Work to complete:
Give the count of lines in the records that contain the string "cũng", and write nothing but that number.

◆ ◆ ◆ ◆ ◆ ◆ ◆

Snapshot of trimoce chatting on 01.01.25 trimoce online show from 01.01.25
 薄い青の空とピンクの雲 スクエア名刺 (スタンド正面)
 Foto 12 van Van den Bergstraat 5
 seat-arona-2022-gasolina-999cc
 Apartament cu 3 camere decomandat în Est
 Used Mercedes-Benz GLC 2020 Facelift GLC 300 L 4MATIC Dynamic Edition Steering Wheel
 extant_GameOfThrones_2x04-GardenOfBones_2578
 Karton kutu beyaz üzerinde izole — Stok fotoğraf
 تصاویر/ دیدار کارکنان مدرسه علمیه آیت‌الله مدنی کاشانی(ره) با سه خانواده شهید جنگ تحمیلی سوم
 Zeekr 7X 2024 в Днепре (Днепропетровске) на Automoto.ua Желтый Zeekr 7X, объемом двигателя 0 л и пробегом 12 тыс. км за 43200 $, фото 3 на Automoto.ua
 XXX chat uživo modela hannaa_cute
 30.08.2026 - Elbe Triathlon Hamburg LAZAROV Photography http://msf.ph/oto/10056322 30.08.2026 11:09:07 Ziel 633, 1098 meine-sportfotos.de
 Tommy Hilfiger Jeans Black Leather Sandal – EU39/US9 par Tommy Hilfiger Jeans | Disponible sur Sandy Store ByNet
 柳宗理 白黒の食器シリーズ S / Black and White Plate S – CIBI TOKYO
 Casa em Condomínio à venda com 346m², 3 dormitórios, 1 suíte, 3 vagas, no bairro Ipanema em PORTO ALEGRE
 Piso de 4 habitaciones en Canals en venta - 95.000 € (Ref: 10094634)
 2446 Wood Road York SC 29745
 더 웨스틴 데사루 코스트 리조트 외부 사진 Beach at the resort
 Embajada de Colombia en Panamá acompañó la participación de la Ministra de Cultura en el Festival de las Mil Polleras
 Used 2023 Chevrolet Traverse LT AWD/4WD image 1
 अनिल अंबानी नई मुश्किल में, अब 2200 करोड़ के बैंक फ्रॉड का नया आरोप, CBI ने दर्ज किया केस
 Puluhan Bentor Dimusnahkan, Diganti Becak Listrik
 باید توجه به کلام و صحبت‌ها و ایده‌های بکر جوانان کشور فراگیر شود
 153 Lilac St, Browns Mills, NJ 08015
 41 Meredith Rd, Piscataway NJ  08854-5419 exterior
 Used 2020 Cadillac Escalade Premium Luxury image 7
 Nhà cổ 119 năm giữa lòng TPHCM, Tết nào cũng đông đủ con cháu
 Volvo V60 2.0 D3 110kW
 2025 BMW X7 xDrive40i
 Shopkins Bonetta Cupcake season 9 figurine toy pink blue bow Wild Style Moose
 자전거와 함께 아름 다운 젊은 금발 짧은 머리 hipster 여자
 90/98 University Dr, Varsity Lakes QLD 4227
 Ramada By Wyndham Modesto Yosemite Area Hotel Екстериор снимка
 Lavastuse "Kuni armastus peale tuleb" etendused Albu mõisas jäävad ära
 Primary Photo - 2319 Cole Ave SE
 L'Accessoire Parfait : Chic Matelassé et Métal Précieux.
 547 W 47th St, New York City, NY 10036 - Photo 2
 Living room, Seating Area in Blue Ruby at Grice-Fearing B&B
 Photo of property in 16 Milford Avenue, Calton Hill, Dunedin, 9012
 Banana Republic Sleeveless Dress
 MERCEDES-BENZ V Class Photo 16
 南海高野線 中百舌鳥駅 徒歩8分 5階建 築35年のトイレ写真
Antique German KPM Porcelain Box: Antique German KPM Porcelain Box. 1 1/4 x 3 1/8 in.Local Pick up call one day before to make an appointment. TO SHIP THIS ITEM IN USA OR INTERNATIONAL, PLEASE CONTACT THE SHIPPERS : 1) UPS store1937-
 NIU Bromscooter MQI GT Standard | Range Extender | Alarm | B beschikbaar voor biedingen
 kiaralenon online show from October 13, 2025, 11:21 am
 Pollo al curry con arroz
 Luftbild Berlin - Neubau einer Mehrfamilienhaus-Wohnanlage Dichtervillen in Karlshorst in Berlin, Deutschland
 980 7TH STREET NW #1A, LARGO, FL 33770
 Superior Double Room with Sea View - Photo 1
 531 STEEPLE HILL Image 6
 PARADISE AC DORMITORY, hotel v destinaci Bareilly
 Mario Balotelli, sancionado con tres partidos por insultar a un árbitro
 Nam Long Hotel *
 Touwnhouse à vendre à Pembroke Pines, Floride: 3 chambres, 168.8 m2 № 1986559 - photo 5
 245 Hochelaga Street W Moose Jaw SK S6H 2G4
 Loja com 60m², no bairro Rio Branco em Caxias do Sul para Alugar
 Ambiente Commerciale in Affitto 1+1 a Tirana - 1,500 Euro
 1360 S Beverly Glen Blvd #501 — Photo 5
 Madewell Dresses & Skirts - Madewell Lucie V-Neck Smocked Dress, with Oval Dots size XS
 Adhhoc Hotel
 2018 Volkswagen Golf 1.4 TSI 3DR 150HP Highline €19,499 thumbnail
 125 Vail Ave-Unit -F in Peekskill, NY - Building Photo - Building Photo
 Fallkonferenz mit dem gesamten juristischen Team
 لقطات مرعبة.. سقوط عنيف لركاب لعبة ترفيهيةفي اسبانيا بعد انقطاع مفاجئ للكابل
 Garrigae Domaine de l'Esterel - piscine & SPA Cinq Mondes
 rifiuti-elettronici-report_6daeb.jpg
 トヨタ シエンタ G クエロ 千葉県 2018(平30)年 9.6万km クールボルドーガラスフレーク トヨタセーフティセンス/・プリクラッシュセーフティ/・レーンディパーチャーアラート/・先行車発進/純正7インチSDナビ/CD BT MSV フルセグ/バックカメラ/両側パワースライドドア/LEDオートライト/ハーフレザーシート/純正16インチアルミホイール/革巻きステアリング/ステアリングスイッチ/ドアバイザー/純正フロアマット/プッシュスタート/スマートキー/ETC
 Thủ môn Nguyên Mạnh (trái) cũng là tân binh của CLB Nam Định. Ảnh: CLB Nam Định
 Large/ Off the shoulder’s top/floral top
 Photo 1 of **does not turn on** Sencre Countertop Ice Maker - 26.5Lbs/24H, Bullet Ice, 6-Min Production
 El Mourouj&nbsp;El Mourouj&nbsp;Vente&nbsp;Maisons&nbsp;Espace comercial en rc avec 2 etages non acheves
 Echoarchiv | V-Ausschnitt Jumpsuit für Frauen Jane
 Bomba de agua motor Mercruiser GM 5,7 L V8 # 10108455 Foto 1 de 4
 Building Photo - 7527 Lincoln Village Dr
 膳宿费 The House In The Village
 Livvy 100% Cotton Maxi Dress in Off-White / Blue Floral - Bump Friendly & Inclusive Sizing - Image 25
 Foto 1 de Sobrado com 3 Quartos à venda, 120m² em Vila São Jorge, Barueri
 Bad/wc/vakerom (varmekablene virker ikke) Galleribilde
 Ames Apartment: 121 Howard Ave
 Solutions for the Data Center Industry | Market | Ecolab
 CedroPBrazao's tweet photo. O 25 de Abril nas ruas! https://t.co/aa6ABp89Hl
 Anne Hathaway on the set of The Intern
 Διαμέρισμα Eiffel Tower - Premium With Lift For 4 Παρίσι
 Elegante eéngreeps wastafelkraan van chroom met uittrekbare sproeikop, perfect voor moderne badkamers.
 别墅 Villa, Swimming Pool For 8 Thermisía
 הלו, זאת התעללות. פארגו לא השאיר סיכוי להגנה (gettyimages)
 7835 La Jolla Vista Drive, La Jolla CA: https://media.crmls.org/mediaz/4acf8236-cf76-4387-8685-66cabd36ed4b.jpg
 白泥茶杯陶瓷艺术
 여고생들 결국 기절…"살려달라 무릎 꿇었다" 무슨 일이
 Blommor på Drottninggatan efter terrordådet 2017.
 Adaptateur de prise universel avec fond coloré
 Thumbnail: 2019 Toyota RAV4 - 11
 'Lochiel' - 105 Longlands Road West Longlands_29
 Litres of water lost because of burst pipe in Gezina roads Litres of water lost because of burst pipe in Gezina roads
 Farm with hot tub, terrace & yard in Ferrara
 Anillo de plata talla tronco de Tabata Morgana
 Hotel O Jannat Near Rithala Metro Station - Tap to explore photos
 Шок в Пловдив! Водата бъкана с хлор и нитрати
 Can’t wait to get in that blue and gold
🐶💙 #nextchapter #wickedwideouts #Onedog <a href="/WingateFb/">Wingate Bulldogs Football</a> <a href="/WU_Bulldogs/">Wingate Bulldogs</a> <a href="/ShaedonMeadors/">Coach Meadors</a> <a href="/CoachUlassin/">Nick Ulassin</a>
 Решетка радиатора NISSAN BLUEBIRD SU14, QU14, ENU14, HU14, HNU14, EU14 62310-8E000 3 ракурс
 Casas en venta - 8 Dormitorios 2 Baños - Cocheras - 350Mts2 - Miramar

◆ ◆ ◆ ◆ ◆ ◆ ◆

Result for this exercise:
2